The China Dashboard evaluates progress toward economic reform imperatives Chinese leaders set out in 2013. The full data available for this edition – fourth quarter 2017 – mark four years since President Xi announced his 60 Decisions reform program that year. Political developments in China and abroad are raising the stakes around implementation. With the March 2018 National People’s Congress (NPC) complete, a new team of economic officials is in place, and the wait for new policy leadership should be over. Overseas, the United States has declared an end to its patience for a substantive opening of Chinese trade and investment markets that has steered strategy for the past 25 years and backed that up with restrictive policies aimed at trade and investment. U.S. businesses and other advanced economies find themselves jammed between these two giants and anxious about taking sides and becoming objects of retaliation, although many share Washington’s concerns. Meanwhile, macroeconomic data from Beijing suggest business conditions are excellent amid officials’ claims that the next generation of reforms is largely on track, but these claims are questionable and not backed up by underlying data.
Our fourth quarter 2017 indicators continued to diverge from official reports: fundamental reforms are lagging while stated growth never seems to change. This does not make good sense, statistically or logically. We see eight of our ten policy assessments in neutral or negative territory in this edition, the same as last quarter. Of those eight, three moved further in a negative direction: Trade and SOE reforms were neutral last quarter but now show backtracking. Labor reform moved even deeper into negative territory.
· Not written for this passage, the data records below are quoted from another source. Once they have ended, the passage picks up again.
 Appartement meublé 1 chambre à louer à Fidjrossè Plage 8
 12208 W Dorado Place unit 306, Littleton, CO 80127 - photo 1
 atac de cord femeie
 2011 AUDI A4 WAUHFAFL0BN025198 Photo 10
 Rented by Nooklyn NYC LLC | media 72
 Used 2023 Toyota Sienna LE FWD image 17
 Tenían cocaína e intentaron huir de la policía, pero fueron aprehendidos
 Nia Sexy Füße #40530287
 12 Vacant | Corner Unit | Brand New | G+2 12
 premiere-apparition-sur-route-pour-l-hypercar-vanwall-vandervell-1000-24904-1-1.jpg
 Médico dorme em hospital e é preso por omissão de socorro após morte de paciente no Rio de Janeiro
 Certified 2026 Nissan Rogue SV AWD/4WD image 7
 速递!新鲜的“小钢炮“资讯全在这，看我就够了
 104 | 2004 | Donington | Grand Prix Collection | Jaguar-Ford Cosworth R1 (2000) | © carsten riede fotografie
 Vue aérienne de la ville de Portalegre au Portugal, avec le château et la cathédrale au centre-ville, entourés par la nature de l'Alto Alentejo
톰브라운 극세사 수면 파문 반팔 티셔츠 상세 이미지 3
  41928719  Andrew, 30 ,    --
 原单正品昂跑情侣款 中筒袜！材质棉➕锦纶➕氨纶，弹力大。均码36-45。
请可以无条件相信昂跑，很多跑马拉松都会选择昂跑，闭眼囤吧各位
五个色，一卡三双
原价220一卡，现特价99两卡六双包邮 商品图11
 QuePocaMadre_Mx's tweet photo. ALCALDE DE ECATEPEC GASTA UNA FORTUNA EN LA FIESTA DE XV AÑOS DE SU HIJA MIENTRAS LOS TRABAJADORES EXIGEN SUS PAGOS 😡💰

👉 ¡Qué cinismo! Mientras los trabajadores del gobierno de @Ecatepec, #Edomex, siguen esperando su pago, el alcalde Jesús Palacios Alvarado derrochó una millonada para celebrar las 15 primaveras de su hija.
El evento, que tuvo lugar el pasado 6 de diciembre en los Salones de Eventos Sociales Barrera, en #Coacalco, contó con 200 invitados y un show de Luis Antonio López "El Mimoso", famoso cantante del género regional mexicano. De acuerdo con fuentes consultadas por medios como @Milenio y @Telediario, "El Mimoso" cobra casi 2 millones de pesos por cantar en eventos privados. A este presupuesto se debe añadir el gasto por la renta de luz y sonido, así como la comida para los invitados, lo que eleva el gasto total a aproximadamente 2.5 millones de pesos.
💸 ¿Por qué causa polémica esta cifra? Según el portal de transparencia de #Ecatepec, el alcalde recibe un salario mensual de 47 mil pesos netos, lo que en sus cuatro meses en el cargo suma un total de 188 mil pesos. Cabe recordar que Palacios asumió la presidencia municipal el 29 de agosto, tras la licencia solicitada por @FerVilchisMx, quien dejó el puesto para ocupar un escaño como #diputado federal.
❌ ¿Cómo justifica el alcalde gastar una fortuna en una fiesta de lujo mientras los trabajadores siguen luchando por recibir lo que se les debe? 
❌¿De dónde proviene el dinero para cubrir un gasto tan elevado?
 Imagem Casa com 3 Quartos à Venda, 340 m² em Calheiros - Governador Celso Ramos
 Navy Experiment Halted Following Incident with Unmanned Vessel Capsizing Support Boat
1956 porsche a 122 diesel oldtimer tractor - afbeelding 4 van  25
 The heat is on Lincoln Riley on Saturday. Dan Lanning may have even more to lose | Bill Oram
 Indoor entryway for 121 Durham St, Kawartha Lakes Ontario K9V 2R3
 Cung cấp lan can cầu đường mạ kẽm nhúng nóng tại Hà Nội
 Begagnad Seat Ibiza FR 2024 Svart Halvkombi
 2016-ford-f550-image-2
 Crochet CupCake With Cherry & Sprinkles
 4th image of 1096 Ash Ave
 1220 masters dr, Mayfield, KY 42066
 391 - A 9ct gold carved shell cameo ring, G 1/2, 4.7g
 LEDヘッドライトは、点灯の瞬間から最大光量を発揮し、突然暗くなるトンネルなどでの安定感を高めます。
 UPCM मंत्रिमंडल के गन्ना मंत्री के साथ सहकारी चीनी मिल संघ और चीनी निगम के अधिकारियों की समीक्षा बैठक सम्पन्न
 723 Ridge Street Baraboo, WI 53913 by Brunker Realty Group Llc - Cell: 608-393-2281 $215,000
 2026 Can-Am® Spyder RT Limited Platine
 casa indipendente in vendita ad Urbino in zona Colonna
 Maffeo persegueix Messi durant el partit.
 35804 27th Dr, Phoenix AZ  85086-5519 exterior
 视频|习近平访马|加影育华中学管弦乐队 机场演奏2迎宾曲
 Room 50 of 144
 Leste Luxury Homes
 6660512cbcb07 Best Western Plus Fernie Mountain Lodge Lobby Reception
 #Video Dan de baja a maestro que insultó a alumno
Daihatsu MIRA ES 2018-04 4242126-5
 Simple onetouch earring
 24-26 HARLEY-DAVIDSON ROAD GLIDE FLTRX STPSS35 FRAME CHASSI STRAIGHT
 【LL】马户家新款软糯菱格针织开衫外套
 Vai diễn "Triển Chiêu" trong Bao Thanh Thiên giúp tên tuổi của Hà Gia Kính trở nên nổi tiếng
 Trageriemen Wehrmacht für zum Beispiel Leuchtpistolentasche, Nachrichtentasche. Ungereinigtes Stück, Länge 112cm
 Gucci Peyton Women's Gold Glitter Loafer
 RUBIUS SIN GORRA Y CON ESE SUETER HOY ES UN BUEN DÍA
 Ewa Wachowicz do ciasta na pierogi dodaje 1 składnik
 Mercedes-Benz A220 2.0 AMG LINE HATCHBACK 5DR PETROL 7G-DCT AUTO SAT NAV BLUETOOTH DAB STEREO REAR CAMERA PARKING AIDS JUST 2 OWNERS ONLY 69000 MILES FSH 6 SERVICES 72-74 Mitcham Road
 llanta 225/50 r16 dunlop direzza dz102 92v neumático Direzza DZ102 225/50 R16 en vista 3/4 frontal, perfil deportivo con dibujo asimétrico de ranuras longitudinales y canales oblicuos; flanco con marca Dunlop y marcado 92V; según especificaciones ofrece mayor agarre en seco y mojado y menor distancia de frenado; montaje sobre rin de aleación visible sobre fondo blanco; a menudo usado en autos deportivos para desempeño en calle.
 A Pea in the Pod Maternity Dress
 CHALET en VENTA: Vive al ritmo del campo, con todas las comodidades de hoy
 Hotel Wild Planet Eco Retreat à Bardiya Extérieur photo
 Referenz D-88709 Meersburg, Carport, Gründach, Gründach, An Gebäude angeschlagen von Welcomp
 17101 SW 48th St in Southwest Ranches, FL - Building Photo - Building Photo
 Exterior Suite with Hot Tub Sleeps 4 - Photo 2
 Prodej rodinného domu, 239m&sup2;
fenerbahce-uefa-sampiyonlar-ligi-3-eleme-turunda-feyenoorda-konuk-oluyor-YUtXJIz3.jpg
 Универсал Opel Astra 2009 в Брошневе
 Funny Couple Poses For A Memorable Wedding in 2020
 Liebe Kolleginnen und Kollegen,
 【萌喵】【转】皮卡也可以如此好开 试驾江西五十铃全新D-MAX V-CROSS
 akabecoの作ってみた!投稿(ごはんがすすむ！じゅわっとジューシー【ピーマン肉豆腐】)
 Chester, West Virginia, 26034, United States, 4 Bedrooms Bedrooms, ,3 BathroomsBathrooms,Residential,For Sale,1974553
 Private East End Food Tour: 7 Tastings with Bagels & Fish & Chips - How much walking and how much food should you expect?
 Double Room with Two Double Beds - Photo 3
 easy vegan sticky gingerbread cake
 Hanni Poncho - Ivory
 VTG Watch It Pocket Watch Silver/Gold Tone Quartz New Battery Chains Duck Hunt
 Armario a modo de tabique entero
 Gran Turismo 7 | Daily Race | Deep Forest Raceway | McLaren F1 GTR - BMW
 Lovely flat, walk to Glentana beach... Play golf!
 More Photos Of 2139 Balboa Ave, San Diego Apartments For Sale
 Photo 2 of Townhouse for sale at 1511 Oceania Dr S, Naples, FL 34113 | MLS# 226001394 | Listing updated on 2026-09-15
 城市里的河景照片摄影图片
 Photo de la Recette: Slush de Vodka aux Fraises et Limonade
The other five of eight in the neutral or negative categories (Competition, Fiscal, Land, Finance, Investment) held steady with our assessments from the last edition. Only two indicators showed positive movement: Environment (based on improved air and water quality readings) and Innovation. However, the innovation story is fraught with foreign complaints that it relies on coercing foreign firms to hand over their technology and intellectual property in order to earn some access to the important Chinese marketplace, thus making progress in this dimension somewhat disputable.
Whether China will respond to economic policies from the United States and other advanced economies with tit-for-tat retaliation or, rather, more ambitious reform is an essential question – perhaps the most important of our time. Policy dynamics in this period under review were primarily about the turnover in Communist Party leadership, with Xi’s new team set for his second term, and an expanded role for the Communist Party in “guiding” the economy and even individual firms (including private and foreign). The March 2018 NPC abolished term limits for China’s presidency and vice-presidency (Xi and Wang Qishan). This elevation of the Party and attenuation of constraints on leaders may well generate long-term negative reactions from Chinese elites. It has also driven international reactions to Xi Jinping more generally, causing global opinion to harden that China is heading in an increasingly “authoritarian capitalist” or “state capitalist” direction. This, in turn, has implications concerning China’s medium-term political resolve to fully implement the market reform agenda announced back in 2013. Beijing, by contrast, claims up front that it is simply employing an alternate development model. Seemingly in the hope of tamping down foreign pressure, China announced some new investment opening in autos and a few other sectors at the Bo’ao Forum in April, but this piecemeal approach is outdated and not likely to mitigate the shift toward more confrontational U.S. policies toward China or a broader revision of existing strategies from other advanced economy governments.